This project builds on top of the image VLM fine-tuning recipe to extend to the video modality. The notebook demonstrates how to fine-tuning the InternVL3 model for domain specific video analysis. For this prototype example, we have used driving dashcam footage from the [Nexar Scap Dataset](nexar-ai/nexar_collision_prediction) dataset to generate structured data which will be used for fine-tuning.
A typical workflow for a video fine-tuning includes the following:
1.**Data Collection**: Collect raw footage/videos for a domain specific task. If the videos are very long, chunck them into reasonable sized files, for instance 5 sec duration.
2.**Generate Structured caption**: Collect structured caption for each video either using human generate dlabels or a larger VLM.
3.**Train InternVL3 Model**: Perform Supervised Finetuning on InternVL3-8B to extract structured metadata
4.**Inference**: The fine-tuned model is noe ready for analysing domain specific videos.
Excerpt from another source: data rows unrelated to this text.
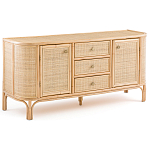 Длинный комод из ротанга с дверцами и ящиками Simone Rattan Chest of Drawers варинант исполнения - 2 | Loft Concept в Самаре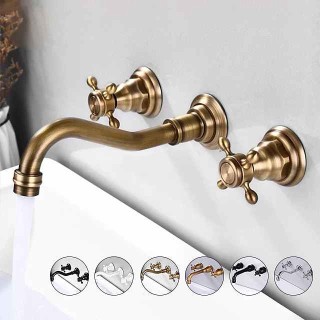 Wall Mounted Bathroom Sink Mixer Faucet, Widespread Basin Taps Vintage Brass 2 Handles 3 Holes Washroom Wash Baxin Tap with Cold Hot Water Hose Retro Antique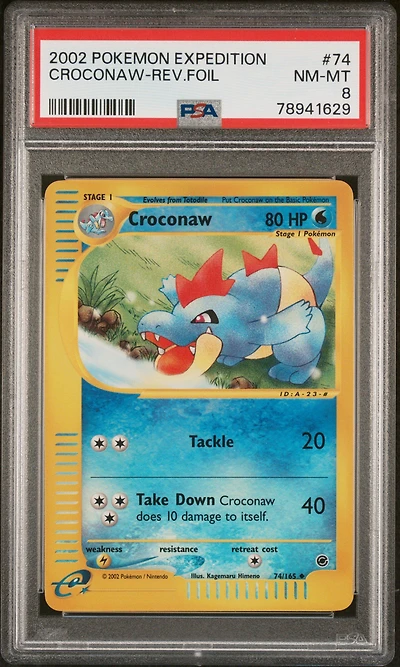 2002 Pokemon Expedition 74 Croconaw-reverse Foil PSA 8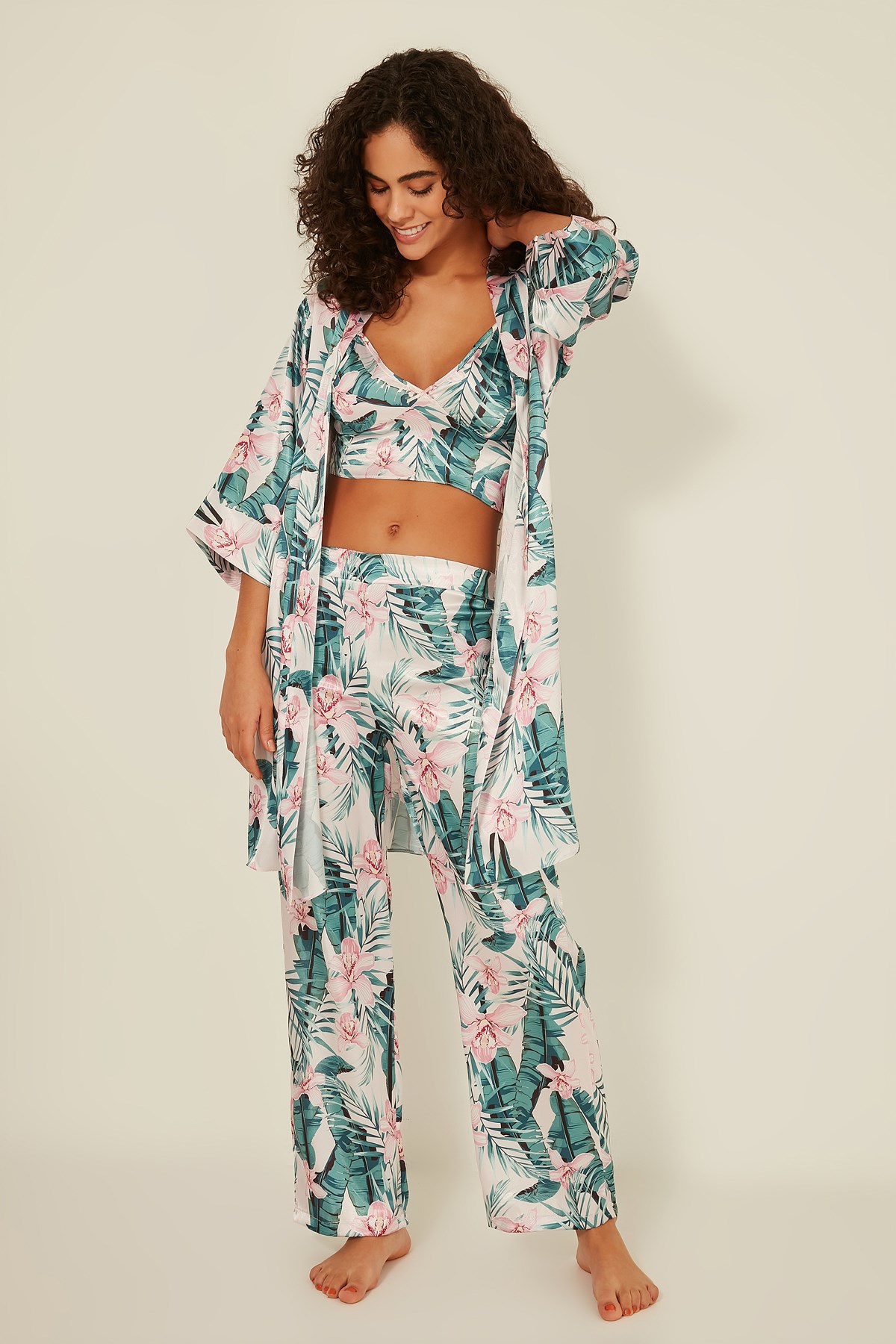 C&City Women Satin Triple Pyjama Set 045 Ecru/Green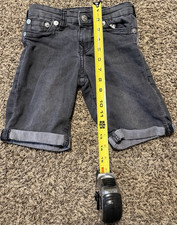 True Religion Boys Bermuda Denim Shorts Gray Size 6 Cuffed Pockets Flat Front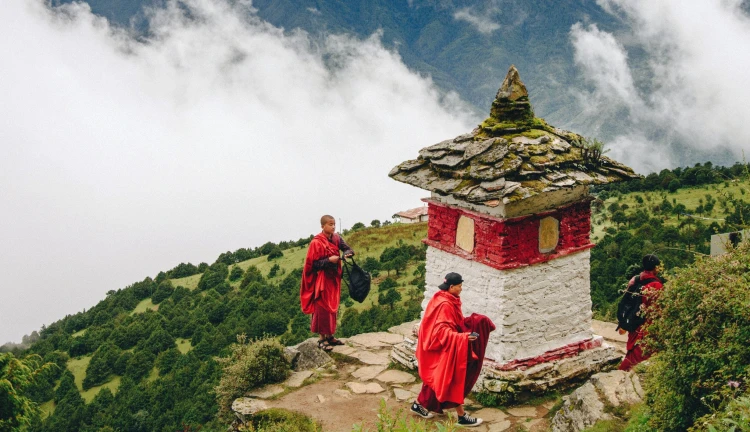 Mladí mniši v Bhútánu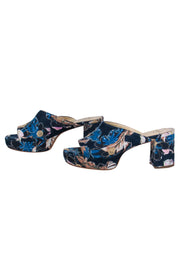 Current Boutique-Butter - Dark Wash Denim Peep Toe Mule Pumps w/ Floral Appliques Sz 8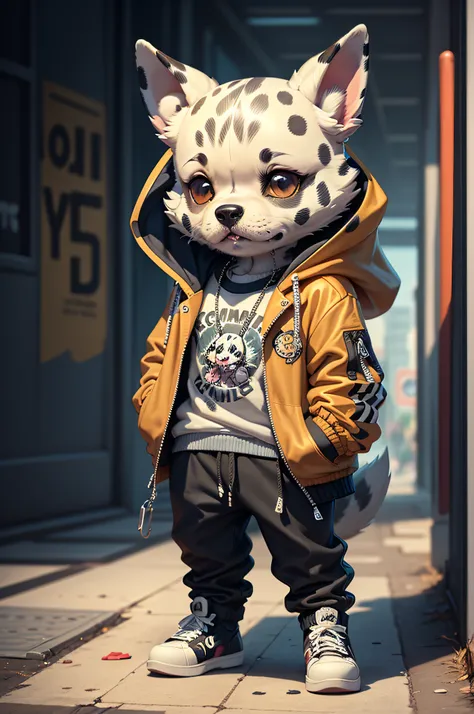 C4tt4stic, Cartoon Dalmatian dog with jacket and skateboard（Details of the appearance of Dalmatians）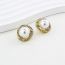 Fashion Gold Alloy Diamond Spiral Pearl Stud Earrings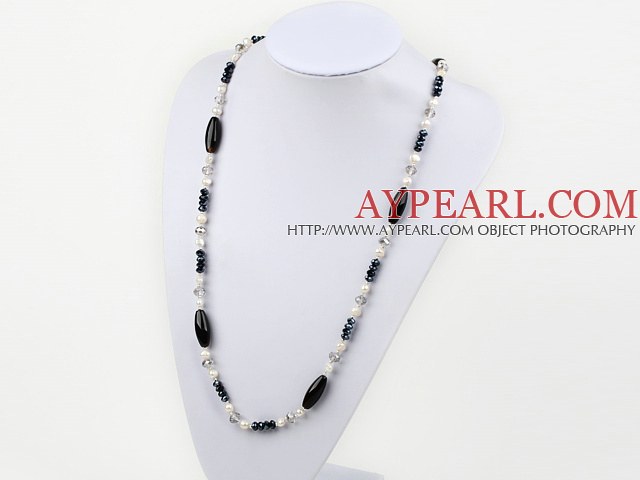 31.5 inches pearl crystal and black agate long style necklace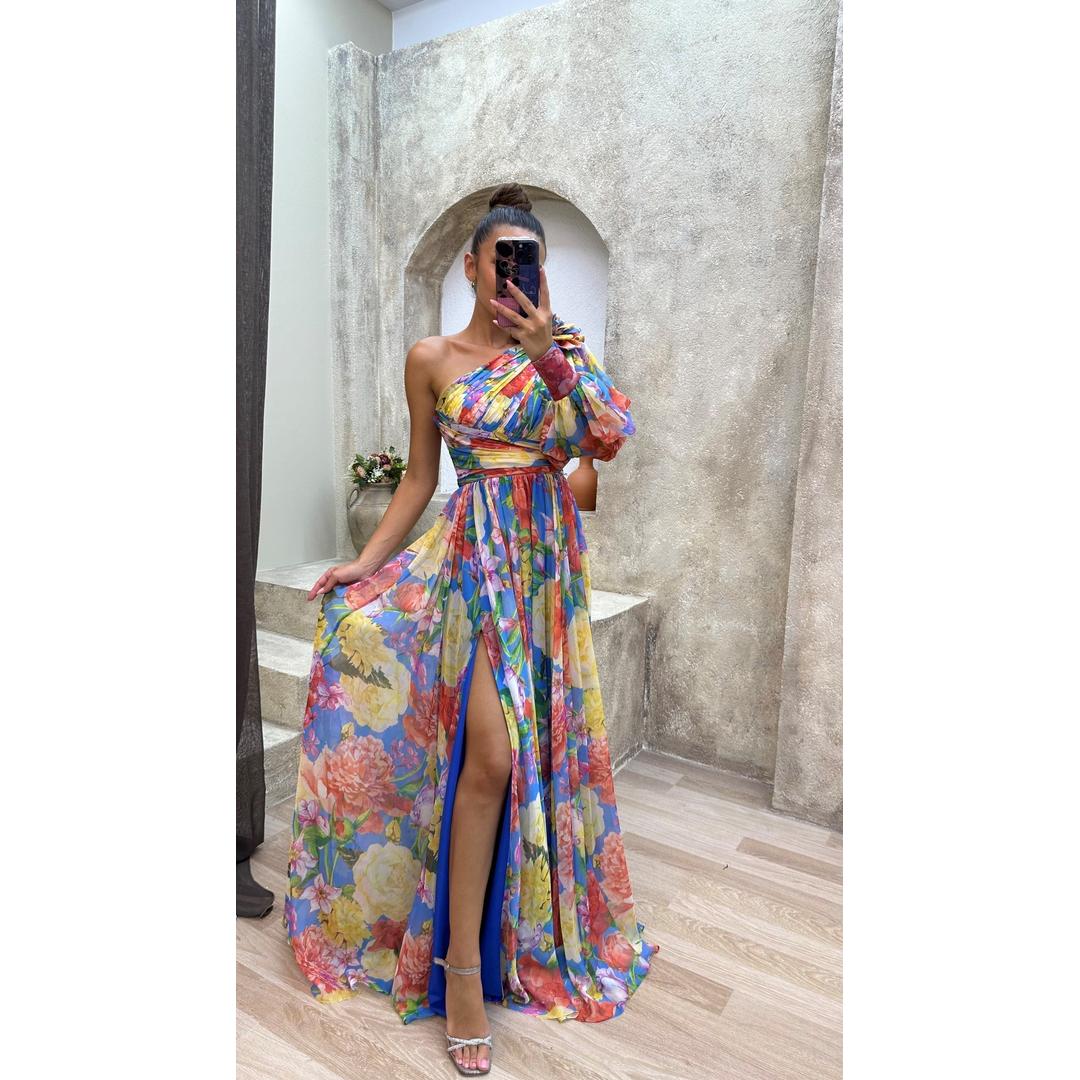 Lydia | One-Shoulder Floral Print Maxi Dress with High Slit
Identify a video data source which would benefit from structured data analysis. The videos can be either live footage or shorter video clips. In our case, we have chosen the [Nexar Scap Dataset](nexar-ai/nexar_collision_prediction).
Based on the structured metedata that you would like to analyze from your video dataset, come up with a caption schema that can concisely capture your requirements. In our case, we have used the following schema.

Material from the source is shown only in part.